>>>

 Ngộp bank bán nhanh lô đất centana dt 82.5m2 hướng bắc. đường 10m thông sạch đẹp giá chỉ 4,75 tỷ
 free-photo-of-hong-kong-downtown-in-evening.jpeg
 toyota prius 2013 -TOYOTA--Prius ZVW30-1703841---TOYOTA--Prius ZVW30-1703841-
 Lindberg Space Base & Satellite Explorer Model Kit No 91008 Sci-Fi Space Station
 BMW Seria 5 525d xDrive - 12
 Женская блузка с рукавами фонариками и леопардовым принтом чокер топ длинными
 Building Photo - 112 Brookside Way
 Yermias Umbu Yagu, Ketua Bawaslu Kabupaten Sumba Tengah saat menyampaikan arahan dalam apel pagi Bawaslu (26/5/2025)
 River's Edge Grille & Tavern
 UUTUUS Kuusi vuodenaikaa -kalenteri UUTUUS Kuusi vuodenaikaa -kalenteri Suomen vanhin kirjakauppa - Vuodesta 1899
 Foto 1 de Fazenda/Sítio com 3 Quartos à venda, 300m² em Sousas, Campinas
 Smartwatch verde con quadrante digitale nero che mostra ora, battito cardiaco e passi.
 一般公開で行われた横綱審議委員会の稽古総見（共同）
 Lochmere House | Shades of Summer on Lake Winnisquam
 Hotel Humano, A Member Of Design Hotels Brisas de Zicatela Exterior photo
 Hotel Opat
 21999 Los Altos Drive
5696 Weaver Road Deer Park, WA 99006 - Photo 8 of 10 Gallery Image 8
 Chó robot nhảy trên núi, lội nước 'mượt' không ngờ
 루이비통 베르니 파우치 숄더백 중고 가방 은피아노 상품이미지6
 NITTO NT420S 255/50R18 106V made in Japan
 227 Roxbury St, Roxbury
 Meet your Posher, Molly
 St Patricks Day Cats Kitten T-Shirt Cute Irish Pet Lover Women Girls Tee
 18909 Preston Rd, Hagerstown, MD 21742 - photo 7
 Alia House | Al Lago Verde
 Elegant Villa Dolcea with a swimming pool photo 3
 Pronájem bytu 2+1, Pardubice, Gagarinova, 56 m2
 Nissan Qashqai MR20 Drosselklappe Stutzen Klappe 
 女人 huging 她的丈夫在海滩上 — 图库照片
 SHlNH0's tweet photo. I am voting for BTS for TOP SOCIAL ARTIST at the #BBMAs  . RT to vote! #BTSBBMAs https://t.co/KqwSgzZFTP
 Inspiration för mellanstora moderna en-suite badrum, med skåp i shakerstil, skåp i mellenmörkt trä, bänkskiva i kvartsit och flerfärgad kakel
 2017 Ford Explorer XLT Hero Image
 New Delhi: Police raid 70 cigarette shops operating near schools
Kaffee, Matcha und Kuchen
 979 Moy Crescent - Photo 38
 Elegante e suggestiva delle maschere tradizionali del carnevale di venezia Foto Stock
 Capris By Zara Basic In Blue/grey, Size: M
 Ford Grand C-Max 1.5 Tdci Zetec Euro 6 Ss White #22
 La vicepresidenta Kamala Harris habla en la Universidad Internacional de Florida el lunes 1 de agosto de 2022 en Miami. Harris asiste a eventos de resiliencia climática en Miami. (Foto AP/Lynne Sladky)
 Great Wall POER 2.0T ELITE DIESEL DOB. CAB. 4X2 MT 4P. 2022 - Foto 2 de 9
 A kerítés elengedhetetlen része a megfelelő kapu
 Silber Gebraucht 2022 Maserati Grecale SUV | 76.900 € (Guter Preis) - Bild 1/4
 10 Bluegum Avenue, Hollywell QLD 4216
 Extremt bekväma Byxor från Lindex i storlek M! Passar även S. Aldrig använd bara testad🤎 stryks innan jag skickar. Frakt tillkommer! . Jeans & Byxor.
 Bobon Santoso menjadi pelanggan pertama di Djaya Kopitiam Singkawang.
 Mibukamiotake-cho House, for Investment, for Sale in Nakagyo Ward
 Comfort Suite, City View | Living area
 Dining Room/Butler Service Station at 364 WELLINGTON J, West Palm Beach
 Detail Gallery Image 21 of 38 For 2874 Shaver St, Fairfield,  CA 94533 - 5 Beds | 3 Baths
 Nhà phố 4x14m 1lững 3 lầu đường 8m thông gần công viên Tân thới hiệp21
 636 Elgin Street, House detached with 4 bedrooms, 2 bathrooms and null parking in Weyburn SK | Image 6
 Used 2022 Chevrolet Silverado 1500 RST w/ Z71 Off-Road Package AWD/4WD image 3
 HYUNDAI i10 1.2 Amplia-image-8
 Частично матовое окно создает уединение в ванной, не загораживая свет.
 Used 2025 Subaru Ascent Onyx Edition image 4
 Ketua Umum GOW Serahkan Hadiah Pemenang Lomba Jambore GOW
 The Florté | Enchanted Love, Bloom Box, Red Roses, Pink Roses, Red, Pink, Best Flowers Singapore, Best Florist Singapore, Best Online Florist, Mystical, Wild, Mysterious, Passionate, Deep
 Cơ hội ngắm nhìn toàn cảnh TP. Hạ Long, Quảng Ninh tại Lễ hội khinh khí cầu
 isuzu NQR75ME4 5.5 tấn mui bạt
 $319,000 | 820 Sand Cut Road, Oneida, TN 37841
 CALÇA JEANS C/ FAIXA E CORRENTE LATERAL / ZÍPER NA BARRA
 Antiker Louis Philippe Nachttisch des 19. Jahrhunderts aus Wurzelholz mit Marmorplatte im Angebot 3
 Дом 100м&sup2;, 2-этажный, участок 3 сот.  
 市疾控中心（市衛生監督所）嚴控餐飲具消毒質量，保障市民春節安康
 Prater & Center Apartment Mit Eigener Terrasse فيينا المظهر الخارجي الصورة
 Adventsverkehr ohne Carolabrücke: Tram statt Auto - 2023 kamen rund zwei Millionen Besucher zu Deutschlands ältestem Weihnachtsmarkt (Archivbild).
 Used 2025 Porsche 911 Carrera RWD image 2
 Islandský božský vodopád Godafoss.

<<<

▸ **EXERCISE DIRECTIONS**
Would you print exactly, and only, the lines of the data above from the line with "toyota prius 2013" through the line with "St Patricks Day", inclusive?

▸ **FINISHED TASK**
 toyota prius 2013 -TOYOTA--Prius ZVW30-1703841---TOYOTA--Prius ZVW30-1703841-
 Lindberg Space Base & Satellite Explorer Model Kit No 91008 Sci-Fi Space Station
 BMW Seria 5 525d xDrive - 12
 Женская блузка с рукавами фонариками и леопардовым принтом чокер топ длинными
 Building Photo - 112 Brookside Way
 Yermias Umbu Yagu, Ketua Bawaslu Kabupaten Sumba Tengah saat menyampaikan arahan dalam apel pagi Bawaslu (26/5/2025)
 River's Edge Grille & Tavern
 UUTUUS Kuusi vuodenaikaa -kalenteri UUTUUS Kuusi vuodenaikaa -kalenteri Suomen vanhin kirjakauppa - Vuodesta 1899
 Foto 1 de Fazenda/Sítio com 3 Quartos à venda, 300m² em Sousas, Campinas
 Smartwatch verde con quadrante digitale nero che mostra ora, battito cardiaco e passi.
 一般公開で行われた横綱審議委員会の稽古総見（共同）
 Lochmere House | Shades of Summer on Lake Winnisquam
 Hotel Humano, A Member Of Design Hotels Brisas de Zicatela Exterior photo
 Hotel Opat
 21999 Los Altos Drive
5696 Weaver Road Deer Park, WA 99006 - Photo 8 of 10 Gallery Image 8
 Chó robot nhảy trên núi, lội nước 'mượt' không ngờ
 루이비통 베르니 파우치 숄더백 중고 가방 은피아노 상품이미지6
 NITTO NT420S 255/50R18 106V made in Japan
 227 Roxbury St, Roxbury
 Meet your Posher, Molly
 St Patricks Day Cats Kitten T-Shirt Cute Irish Pet Lover Women Girls Tee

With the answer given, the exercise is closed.